> [Action item] Your answer must be an exact copy of the records below, minus any images.

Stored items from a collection
__________________________________________________

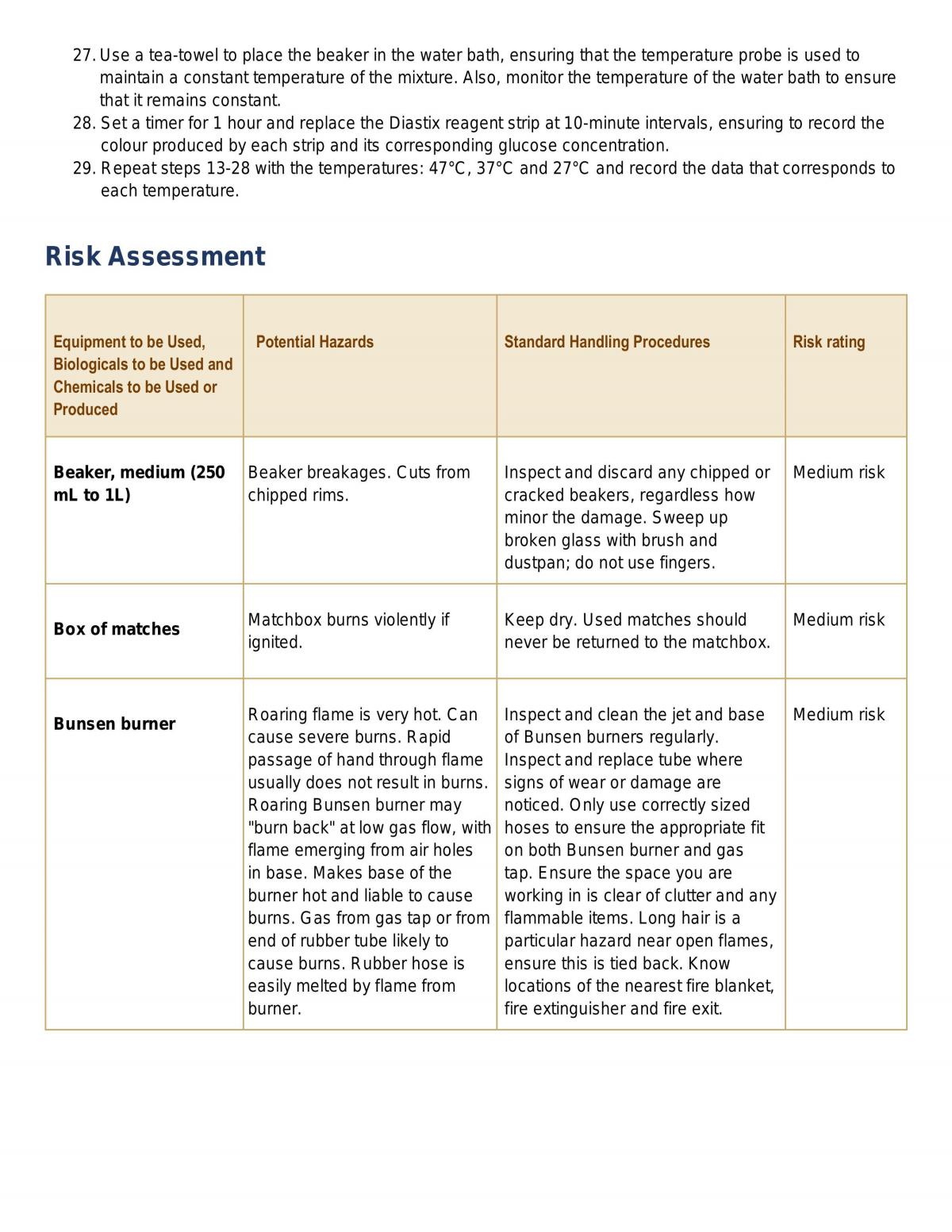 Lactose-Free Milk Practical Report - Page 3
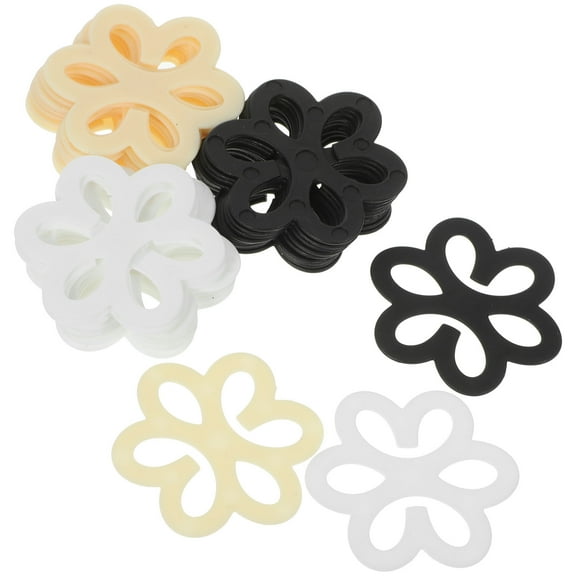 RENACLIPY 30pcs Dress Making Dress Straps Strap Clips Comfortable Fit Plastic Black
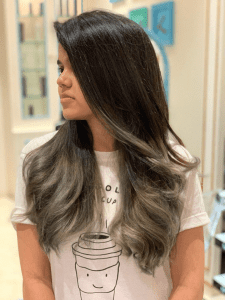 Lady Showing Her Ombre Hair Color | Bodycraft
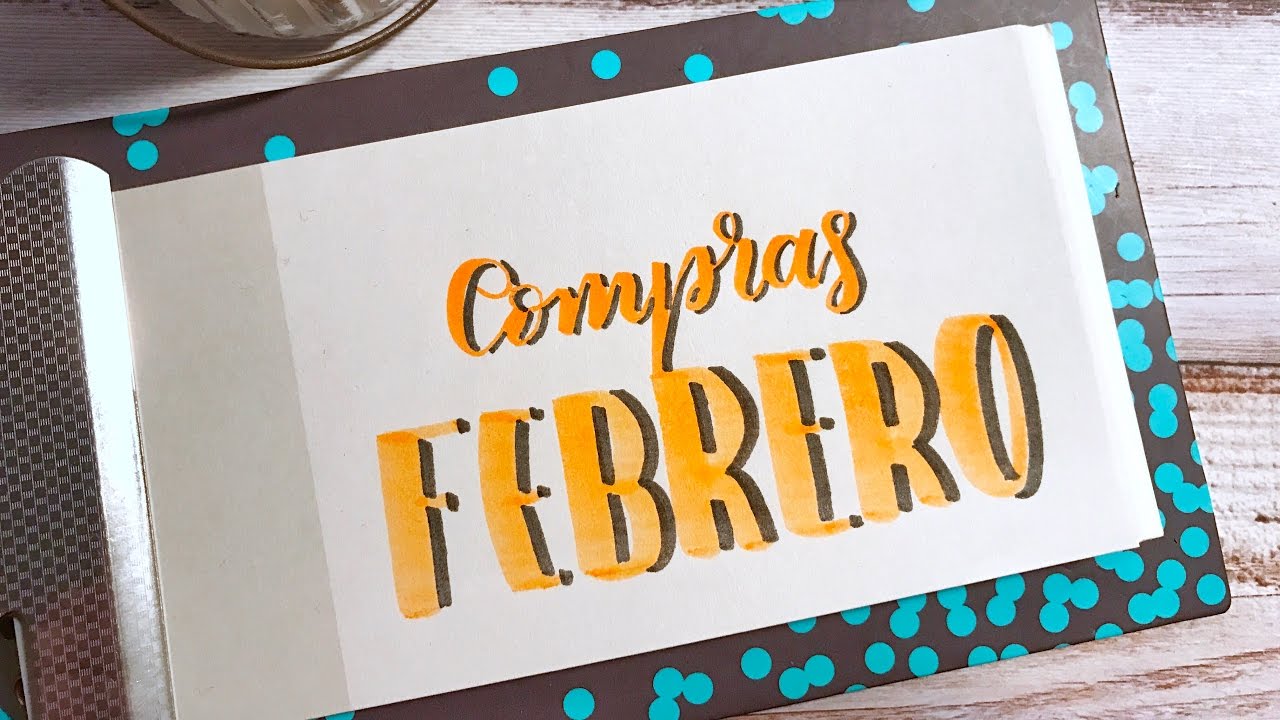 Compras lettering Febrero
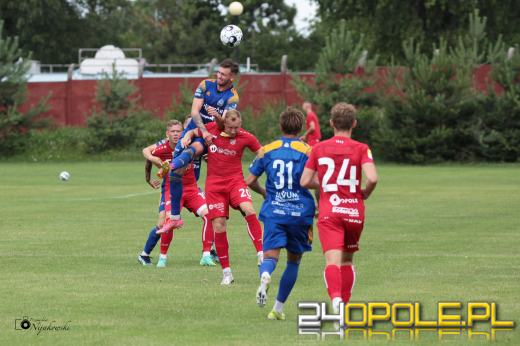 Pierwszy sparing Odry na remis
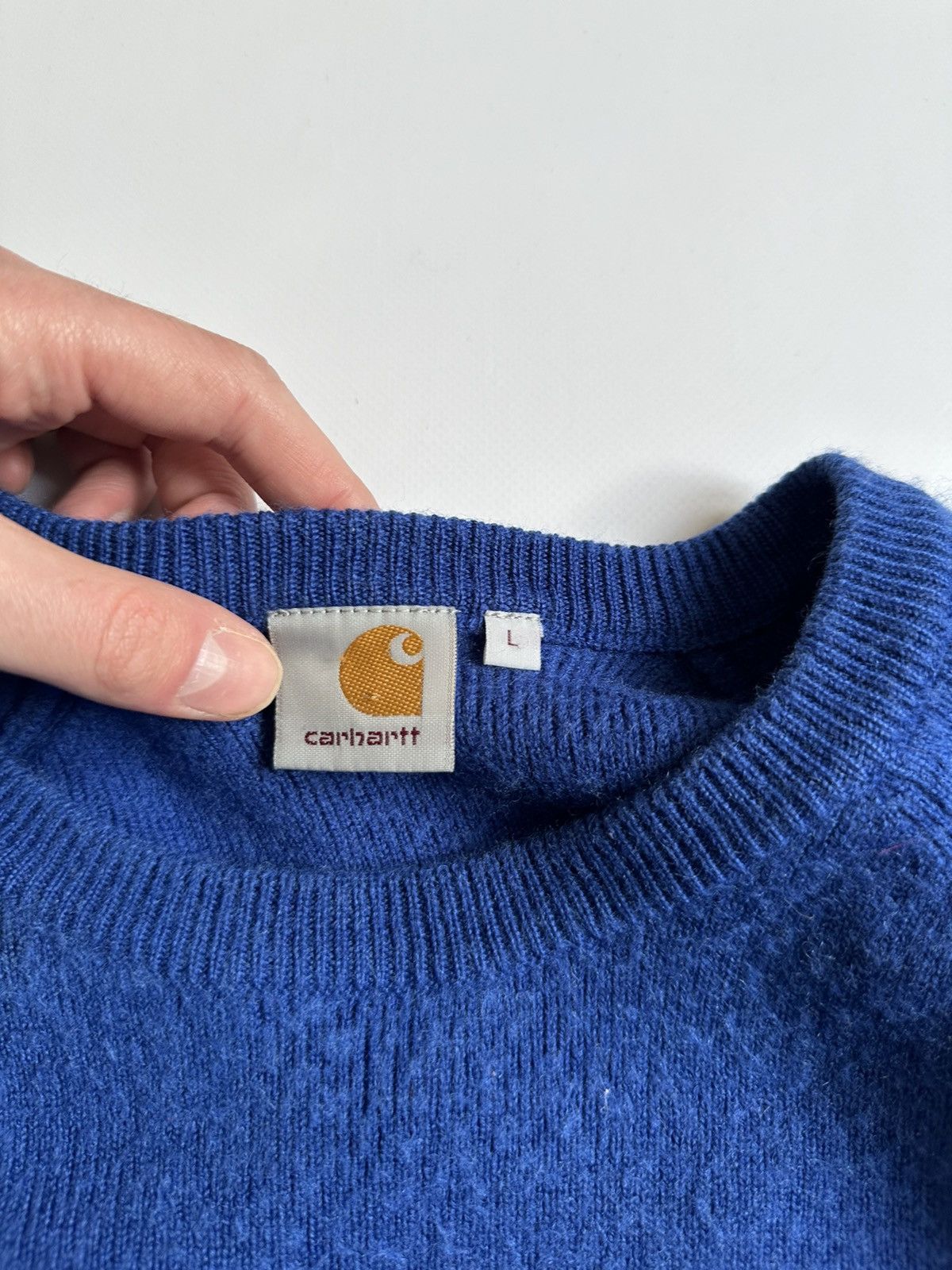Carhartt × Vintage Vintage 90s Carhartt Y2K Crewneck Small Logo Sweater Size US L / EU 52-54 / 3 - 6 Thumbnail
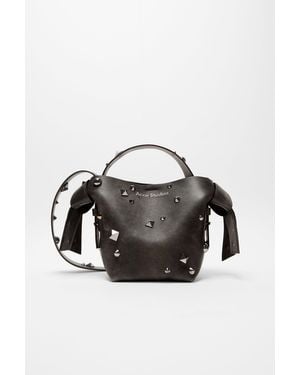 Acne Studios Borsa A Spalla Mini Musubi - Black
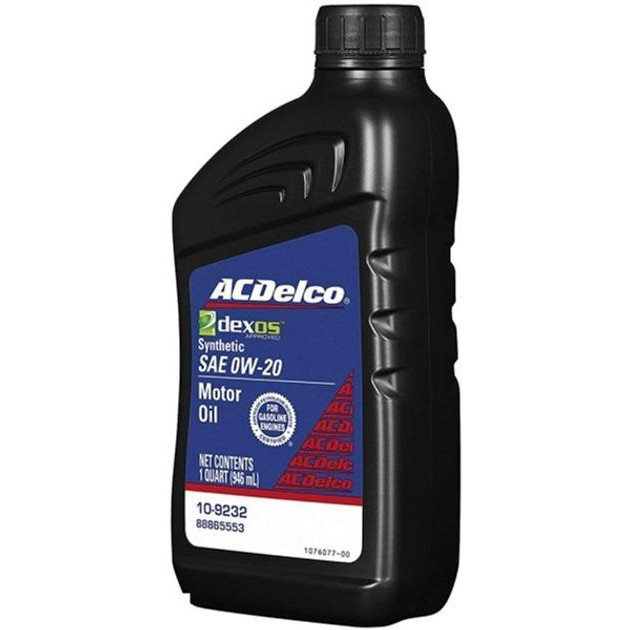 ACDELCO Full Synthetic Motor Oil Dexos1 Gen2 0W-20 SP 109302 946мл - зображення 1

__________________________________________________

> [Response for this exercise]
 Lactose-Free Milk Practical Report - Page 3
 RENACLIPY 30pcs Dress Making Dress Straps Strap Clips Comfortable Fit Plastic Black
 Lady Showing Her Ombre Hair Color | Bodycraft
 Compras lettering Febrero
 Pierwszy sparing Odry na remis
Carhartt × Vintage Vintage 90s Carhartt Y2K Crewneck Small Logo Sweater Size US L / EU 52-54 / 3 - 6 Thumbnail
 Acne Studios Borsa A Spalla Mini Musubi - Black
 ACDELCO Full Synthetic Motor Oil Dexos1 Gen2 0W-20 SP 109302 946мл - зображення 1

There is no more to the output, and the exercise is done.